Thanks for the update Dave!


----------



## [email protected] (Aug 21, 2008)

Try Motul Dave. Very clean, neat, well planned install. Now reading through it brings back memories with the heatshield. :laugh:


----------



## StorLiten (Jan 5, 2011)

*Nice job!*

How's the build coming along? 

I would LOVE to see some under the hood pictures when you're done! 

I'm thinking of getting this kit myself, but due to MOT visual inspections it has to be somewhat stealthy.  

Thanks for a great thread!


----------



## crew219 (Oct 18, 2000)

StorLiten said:


> How's the build coming along?
> 
> I would LOVE to see some under the hood pictures when you're done!
> 
> ...


 Well the kit has been installed for two weeks and I'm enjoying the car very much. The only issue that popped up is an intermittent throttle body error that has to do with a fault in the OEM harness. I had a throttle body go out on me about 8k miles ago so the unit that is in there is very new. According to the TSB, it was found that the wire connections used in the OE harness tends to corrode over time, increasing the resistance of the wire and causing intermittent signal. As a result, the RPMs will sometimes get "stuck" unless I use the clutch to engine brake and get the RPMs to drop down. However, the issue only occurs when the car has been driven for awhile. 

I've ordered the parts as recommended by the TSB, but have been plagued with supplier issues (first sent wrong parts, then sent wrong # of wires). Once the harness is replaced, i'll be able to go ahead and run some logs and give some good feedback. So far though, driveability has been perfect and the short pulls I've done have been very impressive. 

I've left off the VF mounts and have been enjoying the smooth quiet ride the OE mounts provide. Still on the lookout for something a bit stiffer than OEM but not as stiff as the VF mounts.
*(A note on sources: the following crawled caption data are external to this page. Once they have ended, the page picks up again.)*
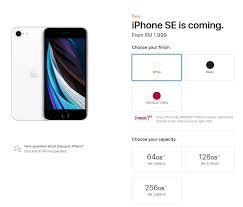 This Is The Iphone Se For 2020 Priced From Rm1 999 In Malaysia
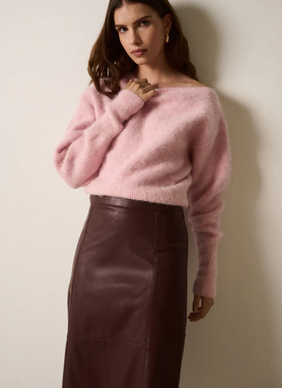 Esmaee Whisper Off Shoulder Knit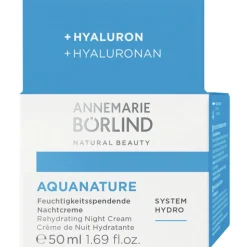 ANNEMARIE BÖRLIND AQUANATURE Feuchtigkeitsspendende Nachtcreme 50 ml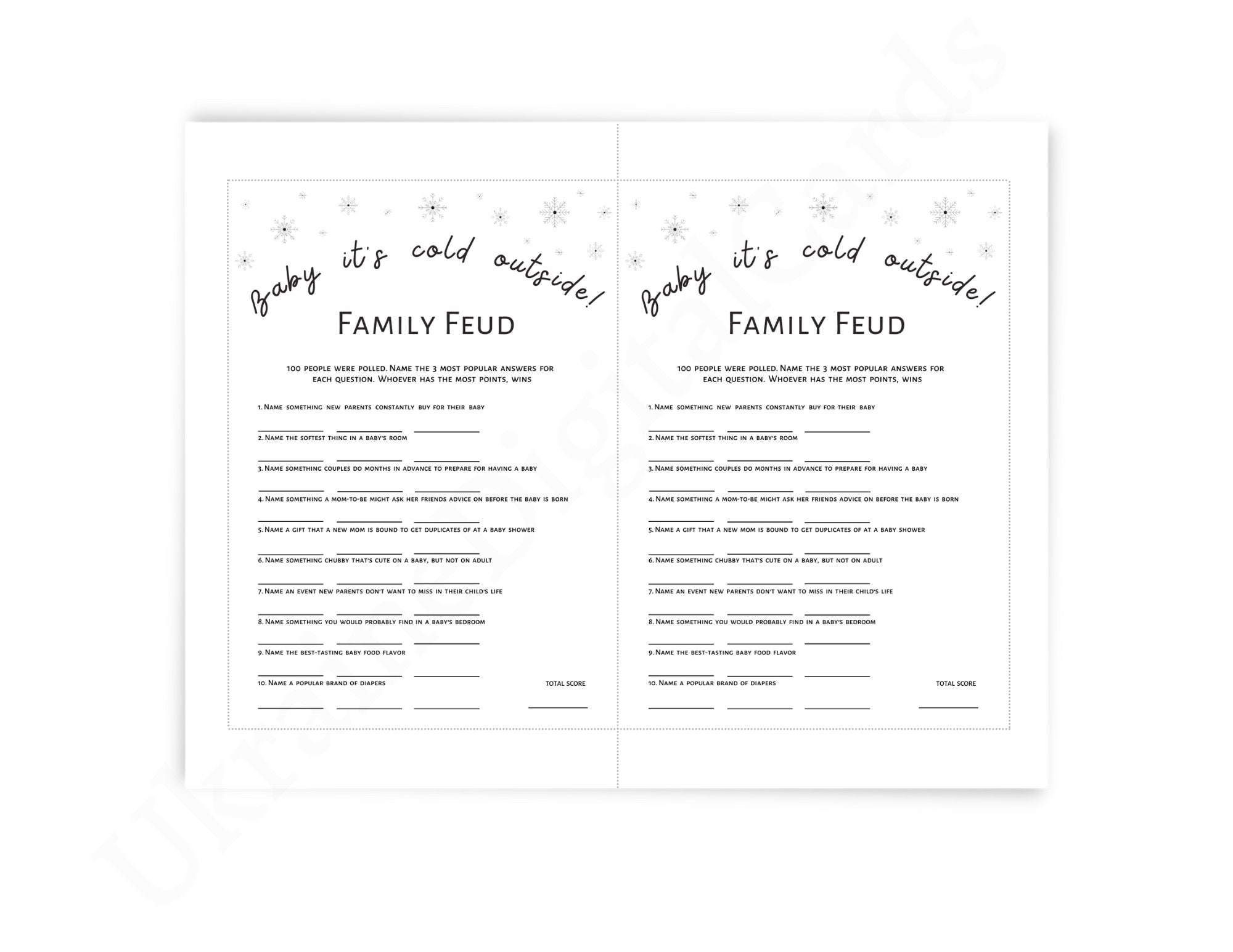 family-feud-game-baby-shower-game-winter-baby-shower-etsy-uk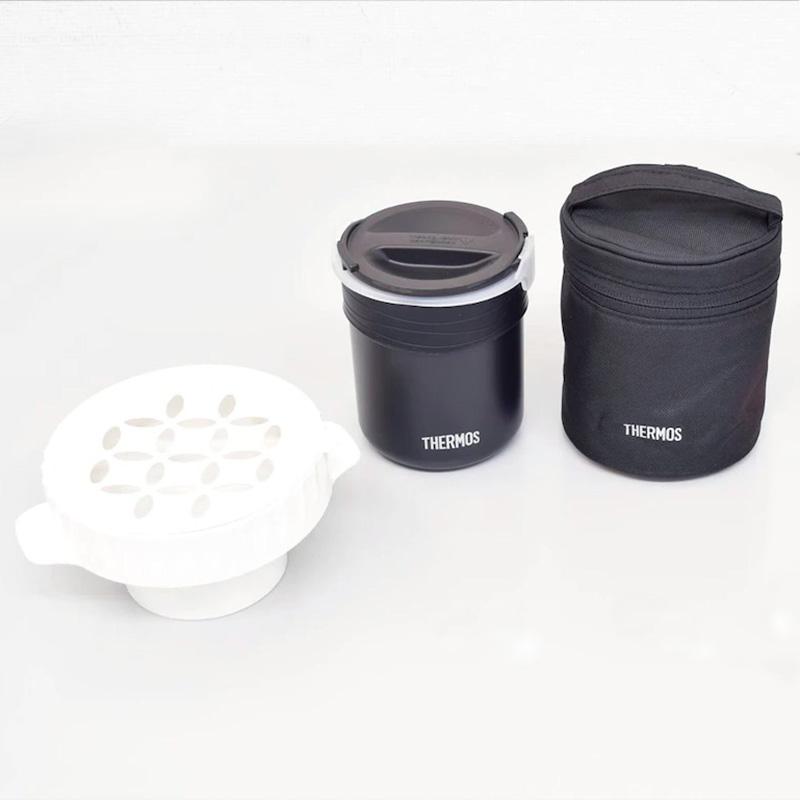 THERMOS 微波 保溫 一人份炊飯器 煮飯器 便當罐 0.7合 JBS-360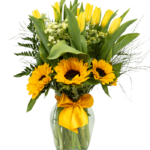Tulipanes con Girasoles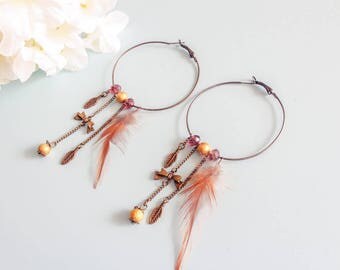 Earrings "Isabella" vintage hoop earrings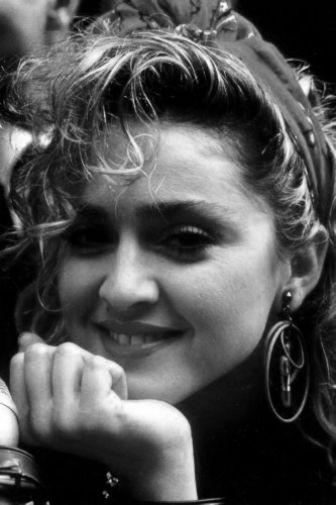 Madonna Poster Black and White Poster 16x24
The BFI stealth insert for the transmission mount seems like a good fit, but I'm not quite sure I'd want to drop down the money for their stealth engine mount (practically the same thing as the VF engine mount but with a lower durometer poly). 

I too am in the same boat as you with needing a "stealthy" engine bay for California SMOG testing. The kit is very clean and all the parts flow together nicely. The MAF holder and silicone are all in black, but the carbon fiber intake and hose clamps will quickly give it away to anyone looking at the engine bay that these are not OEM parts. I'll post up some pictures after I fix the harness. 

Dave


----------



## StorLiten (Jan 5, 2011)

I guess you have the E-Gas version then? I'm lucky (or so they tell me) to have the Drive-by-wire AWD engine.  

Thanks for the feedback, it sounds like this is the kit for me to get!  

I'm going to get the Tyrolsport SMIC to go with the kit - again for stealth. 

What I did for the trans. mount was that I just changed the rubbers to poly-ones - I noticed a real difference in response from doing that. A bit more vibration during idle, but I guess you have to live with that.  



crew219 said:


> The MAF holder and silicone are all in black, but the carbon fiber intake and hose clamps will quickly give it away to anyone looking at the engine bay that these are not OEM parts. I'll post up some pictures after I fix the harness.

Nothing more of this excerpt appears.